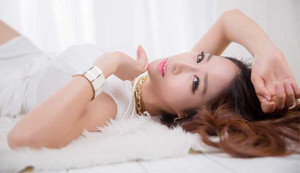 Vì sao phụ nữ càng đẹp càng dễ bị ghét?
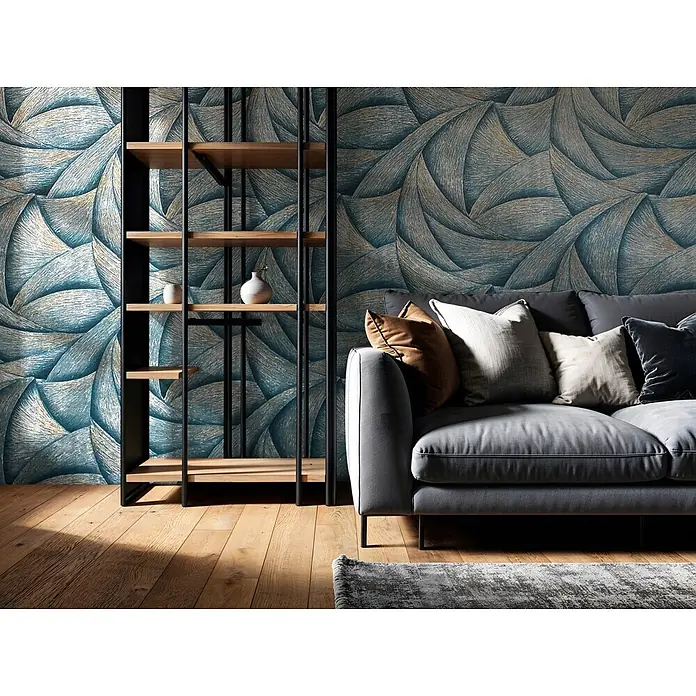 Marburg Ritus Vliestapete Grafik - Blau-Silber, Grafisch, 10,05 x 0,53 m - Modernes Wohnzimmer mit dunkelgrauem Sofa, schwarzem Metallregal mit Holzbrettern und teal-abstrakt gemusterter Tapete.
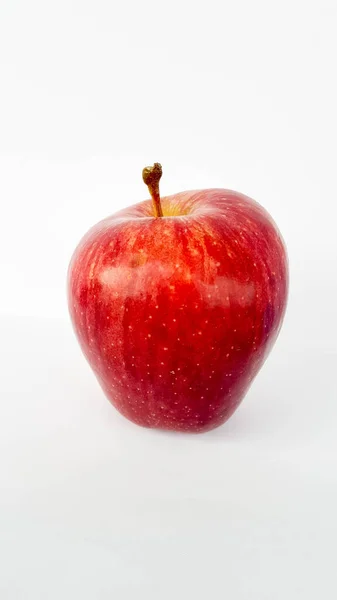 Ώριμα Φρούτα Ώριμα Κόκκινα Ισοβαρή Λευκά Backgroud — Φωτογραφία Αρχείου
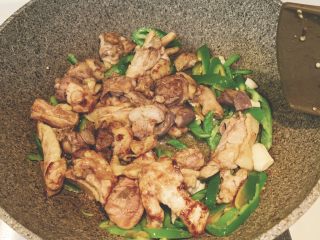 6、辣炒鸡肉,然后把鸡腿肉倒入，翻炒均匀，淋上少许生抽，加适量盐调味即可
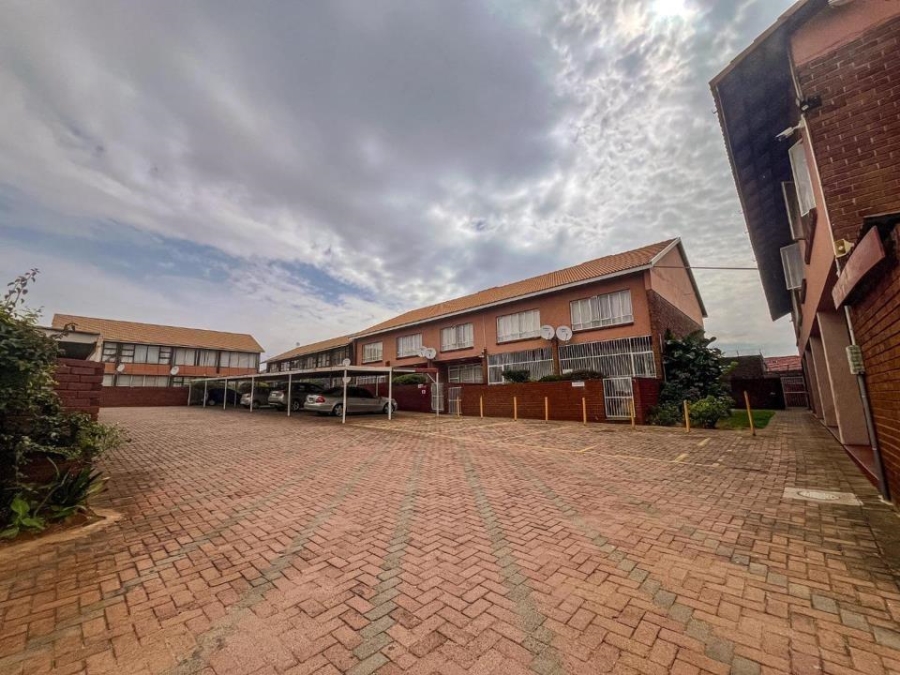 2 Bedroom Property for Sale in Towerby Gauteng
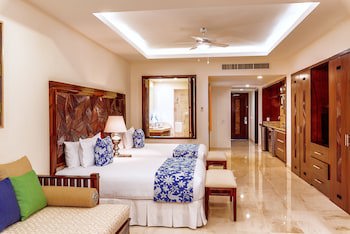Grand Miramar All Luxury Suites & Residences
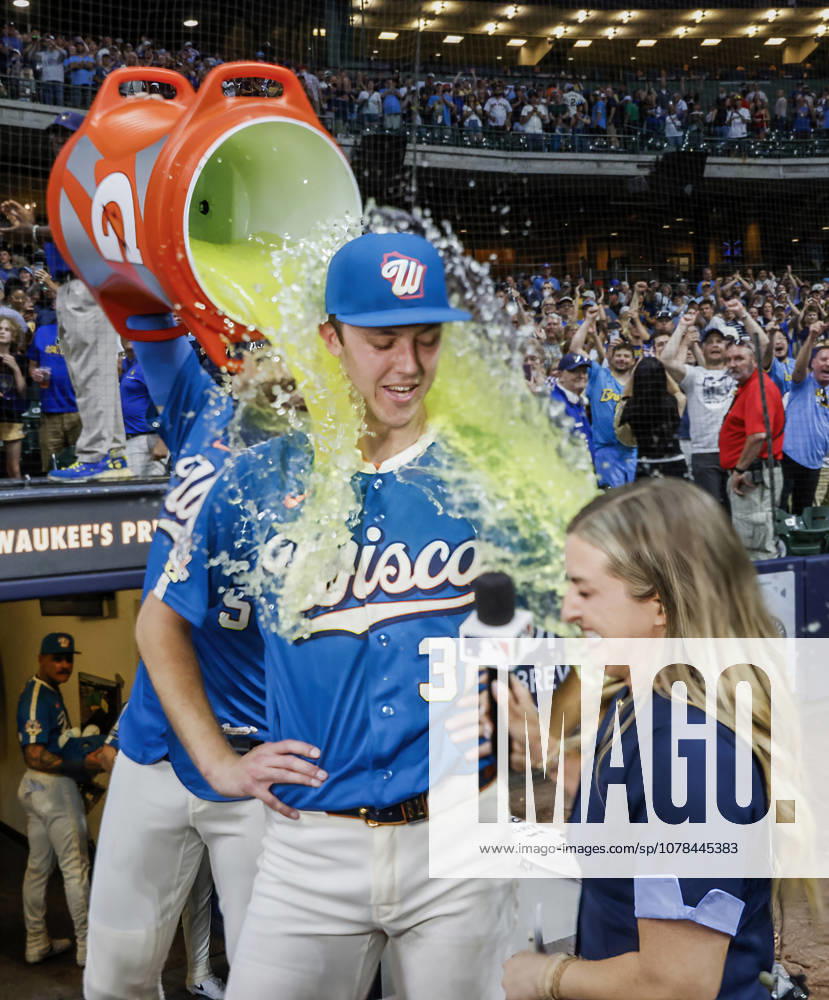 Milwaukee Brewers starting pitcher Jacob Misiorowski gets a Gatorade bath as he is interviewed after the final out in the ninth inning of the MLB, Baseball Herren, USA game between the Philadelphia Phillies and the Milwaukee Brewers at American Family Field in Milwaukee, Wisconsin on Friday, June 12, 2026. The Brewers shut out the Phillies 6-0 with Misiorowski pitching the entire game. MIL20260612837 TANNENxMAURY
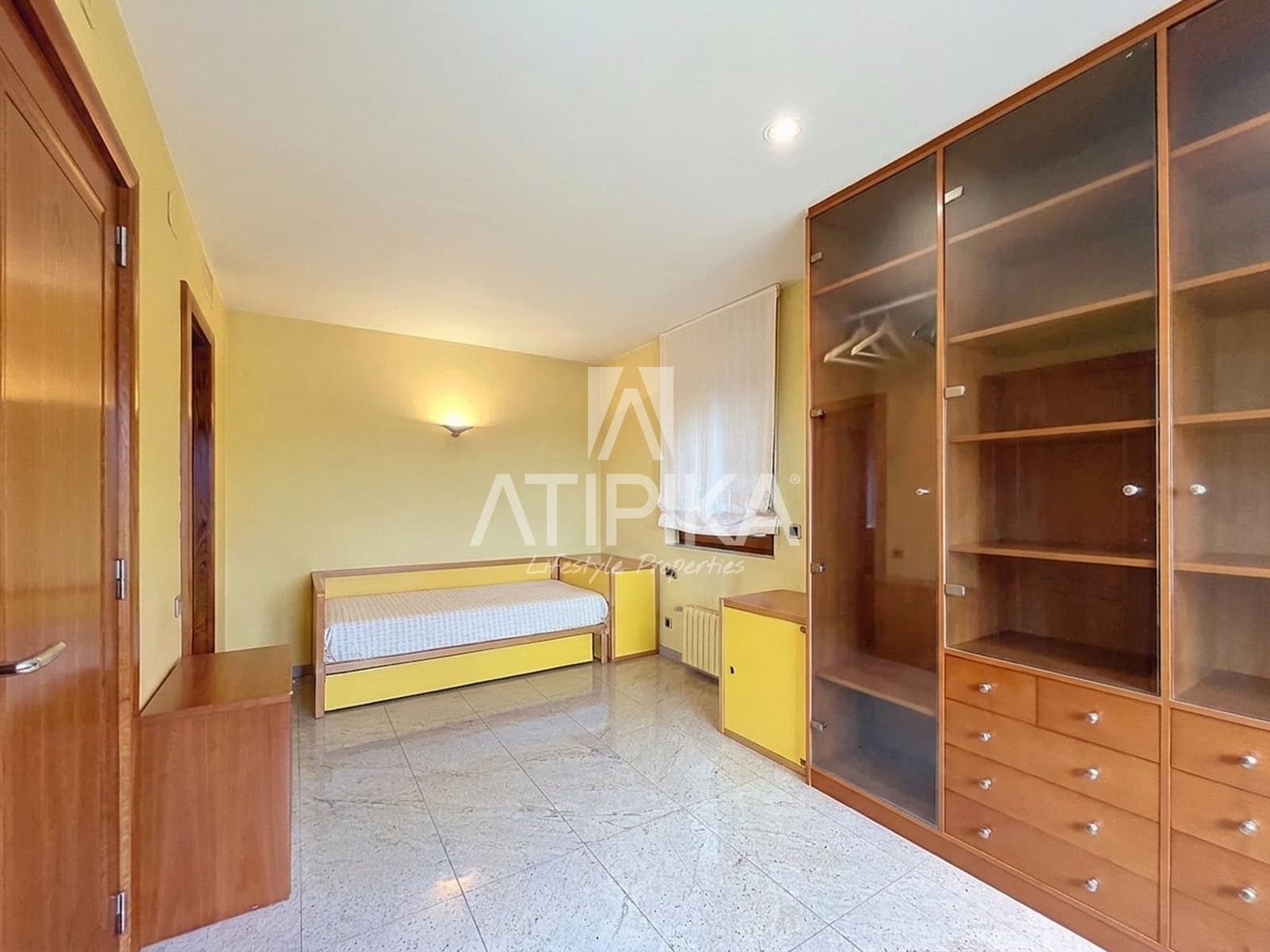 4 soveværelse Villa til salg i Esplugues de Llobregat med swimmingpool garage - € 2.150.000 (Ref: 10186321)
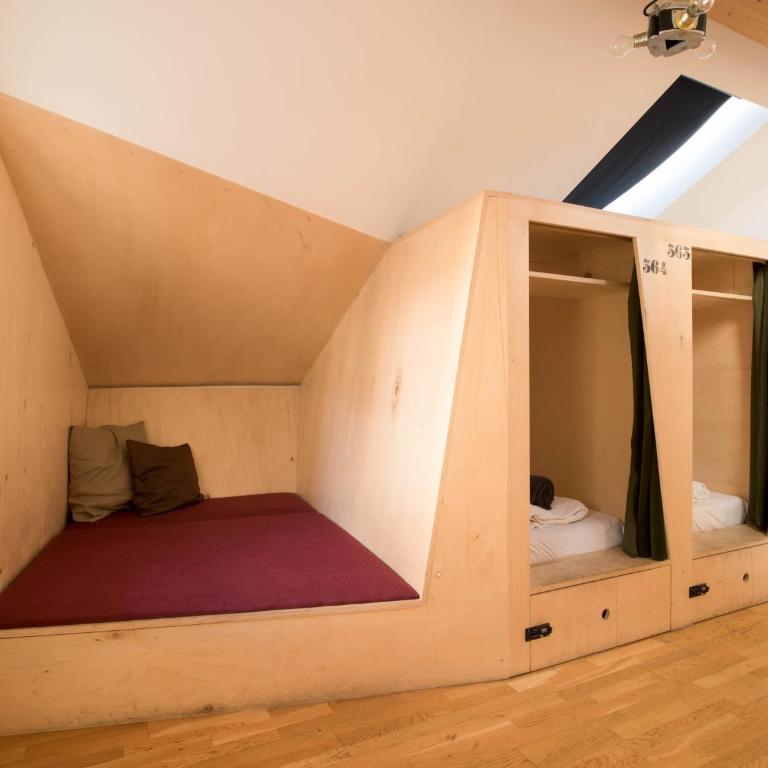 Montagu Hostel & Bar - Einzelbett im gemischten Schlafsaal mit 6 Betten - 5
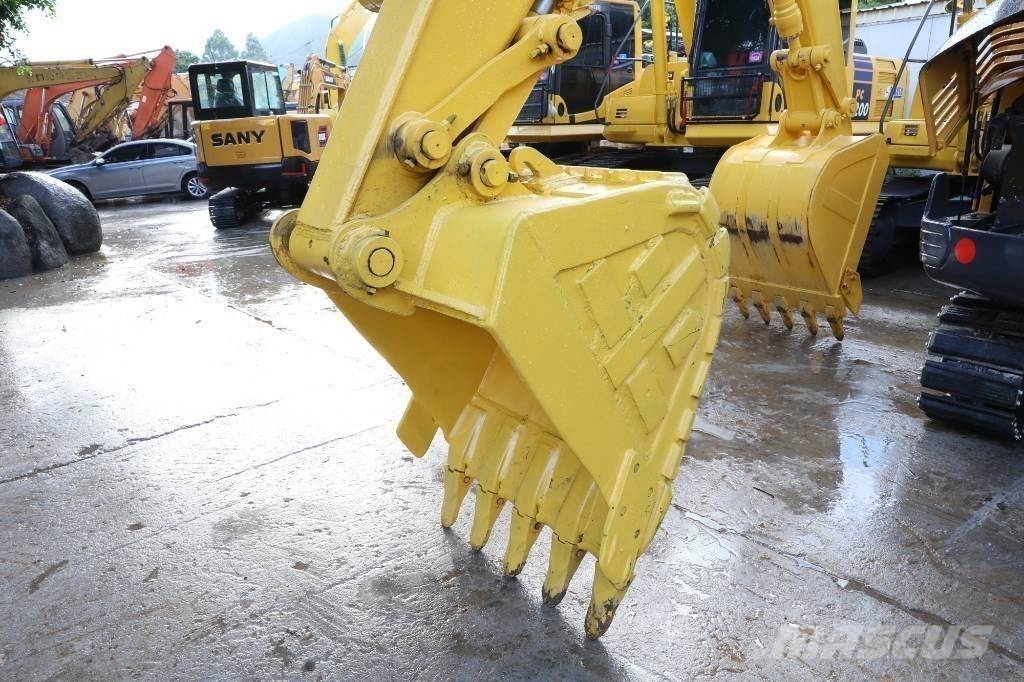 Komatsu PC 130-7 小型挖掘机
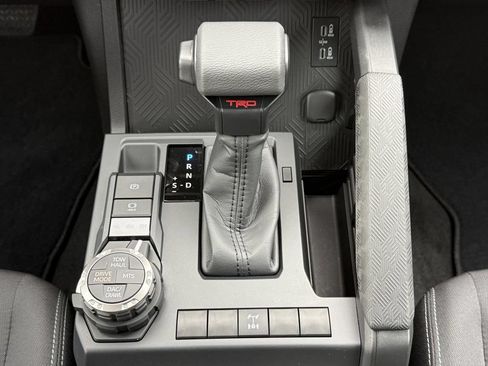 Used 2026 Toyota Tacoma TRD Off-Road AWD/4WD image 22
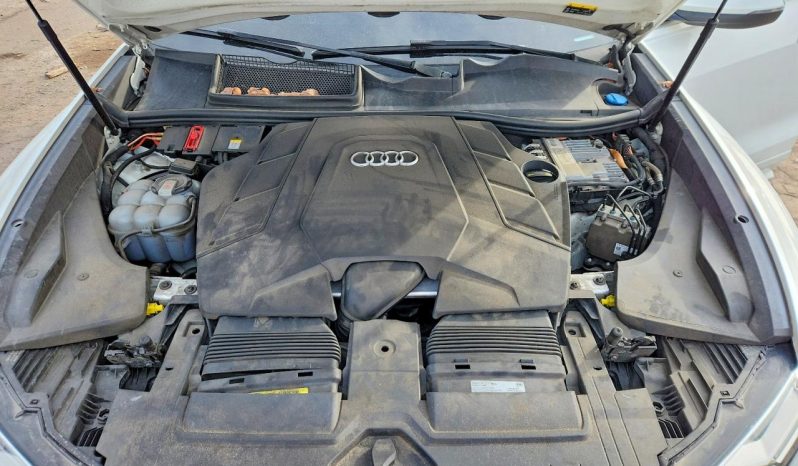 
AUDI Q8 PREMIUM, 2019 full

**Required work**
Exact repeat of the material above: every line from the one with "Milwaukee Brewers starting" through the one with "4 soveværelse Villa", endpoints included, and nothing more. No pictures.

**Expected output**
 Milwaukee Brewers starting pitcher Jacob Misiorowski gets a Gatorade bath as he is interviewed after the final out in the ninth inning of the MLB, Baseball Herren, USA game between the Philadelphia Phillies and the Milwaukee Brewers at American Family Field in Milwaukee, Wisconsin on Friday, June 12, 2026. The Brewers shut out the Phillies 6-0 with Misiorowski pitching the entire game. MIL20260612837 TANNENxMAURY
 4 soveværelse Villa til salg i Esplugues de Llobregat med swimmingpool garage - € 2.150.000 (Ref: 10186321)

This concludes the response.